RECORD EXTRACTS Block Start

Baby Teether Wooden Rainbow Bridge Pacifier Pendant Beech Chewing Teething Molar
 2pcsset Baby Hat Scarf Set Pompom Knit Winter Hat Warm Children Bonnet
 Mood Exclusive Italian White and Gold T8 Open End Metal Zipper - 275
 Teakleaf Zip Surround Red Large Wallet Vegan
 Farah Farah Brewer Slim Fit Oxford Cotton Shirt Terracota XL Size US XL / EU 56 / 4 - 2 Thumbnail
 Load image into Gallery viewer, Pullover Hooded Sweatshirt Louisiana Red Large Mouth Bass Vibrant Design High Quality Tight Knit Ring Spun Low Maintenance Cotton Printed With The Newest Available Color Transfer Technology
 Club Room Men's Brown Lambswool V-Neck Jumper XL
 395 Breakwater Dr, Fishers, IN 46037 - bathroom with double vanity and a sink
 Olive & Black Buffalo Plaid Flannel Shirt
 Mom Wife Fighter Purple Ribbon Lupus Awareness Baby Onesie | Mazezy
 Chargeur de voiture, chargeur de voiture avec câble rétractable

RECORD EXTRACTS Block End

**PROBLEM REQUIREMENTS:** Lines containing the word "Cotton": say how many there are in the material, with no other text.

**RESPONSE TO THE EXERCISE:** 2